(Image-text web data)
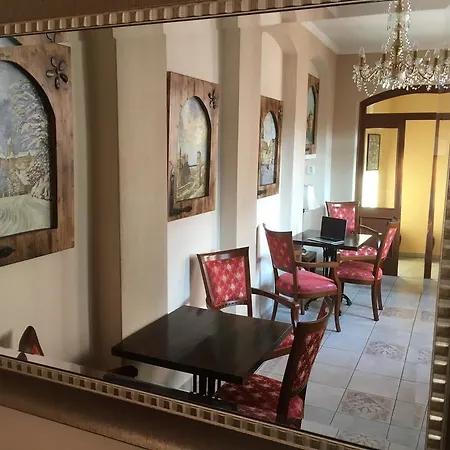 מלון Atmosfera & Restaurant 4*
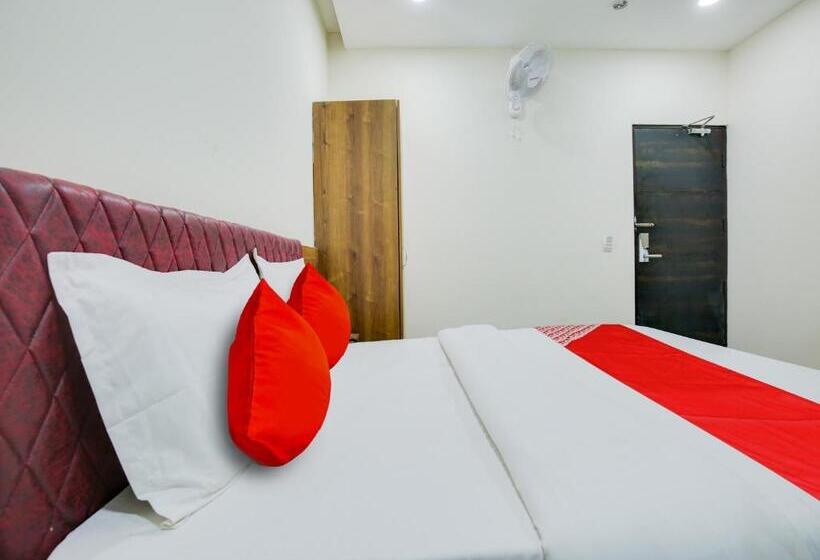 Oyo Hotel Dream Majestic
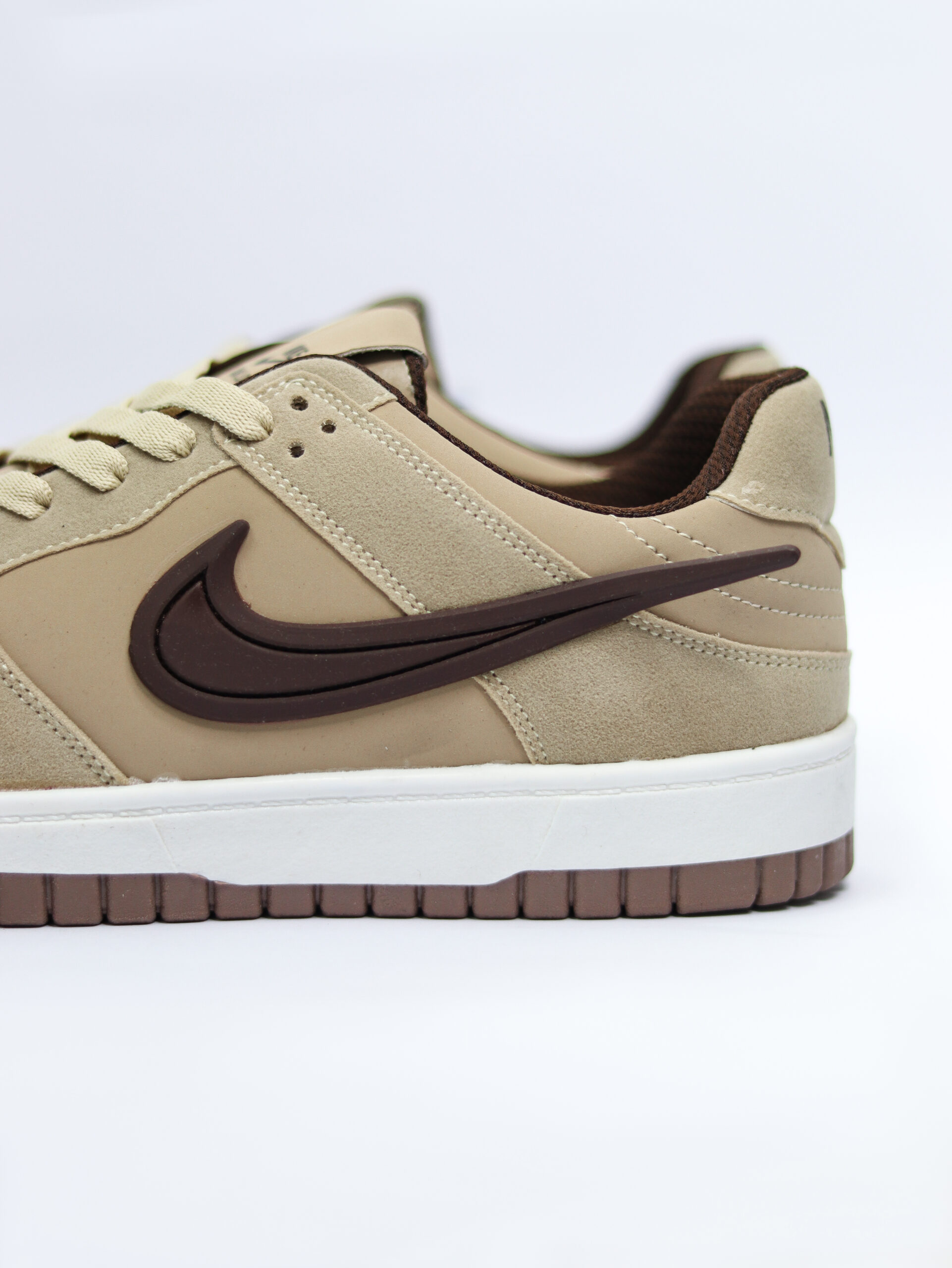 SB Dunk Low X Ambush Beige Brown - Image 3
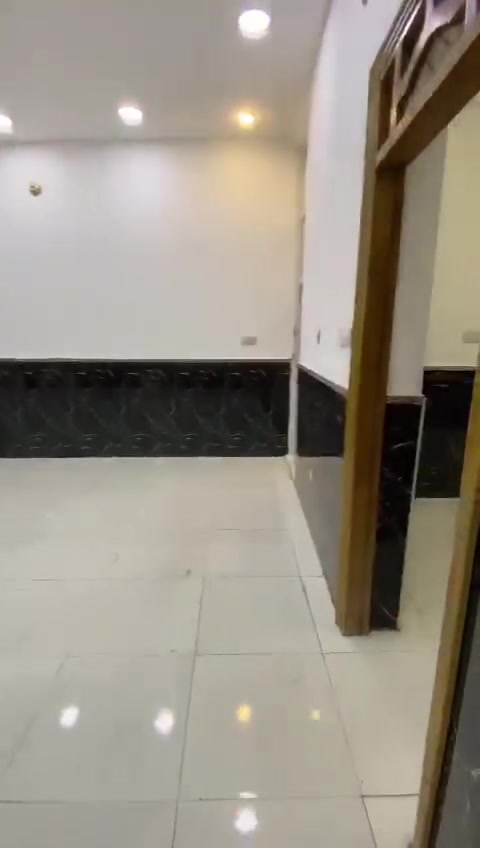 السلام عليكم 
البناية للأيجار طابق ارضي يصلح كمجمع طبي أو عيادات اسنان وتجميل / شركة مخازن يحتوي على صاله كبيره و ۳ غرف ومخزن صغير
الطابق الثاني قاعة 
موقع مميز حي الحسين الجديد شارع ابو شاكر وبسعر مناسب 
للتواصل
***********

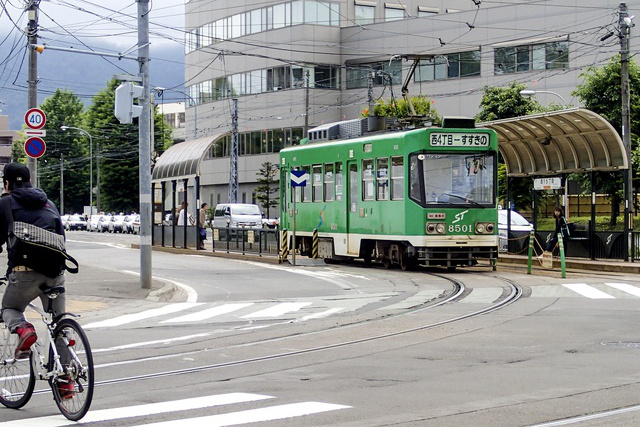 鉄道ファンじゃなくても見ていて楽しい！札幌の路面電車の事業所見学
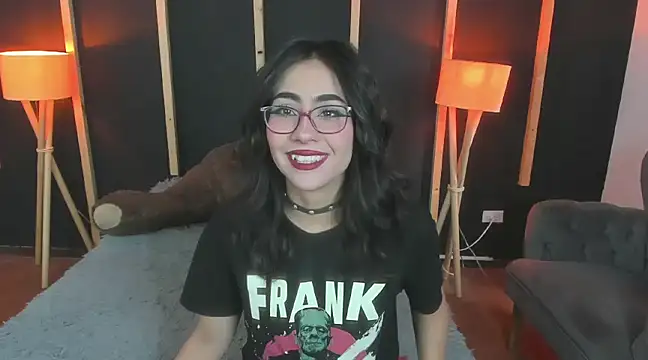 Snapshot of vampy_dolll chatting on 6, 1, 2025 vampy dolll online show from 6, 1, 2025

Instructions for the task:
The answer must be the full set of records, repeated exactly, with no pictures.

Task response:
 מלון Atmosfera & Restaurant 4*
 Oyo Hotel Dream Majestic
 SB Dunk Low X Ambush Beige Brown - Image 3
 السلام عليكم 
البناية للأيجار طابق ارضي يصلح كمجمع طبي أو عيادات اسنان وتجميل / شركة مخازن يحتوي على صاله كبيره و ۳ غرف ومخزن صغير
الطابق الثاني قاعة 
موقع مميز حي الحسين الجديد شارع ابو شاكر وبسعر مناسب 
للتواصل
***********

 鉄道ファンじゃなくても見ていて楽しい！札幌の路面電車の事業所見学
 Snapshot of vampy_dolll chatting on 6, 1, 2025 vampy dolll online show from 6, 1, 2025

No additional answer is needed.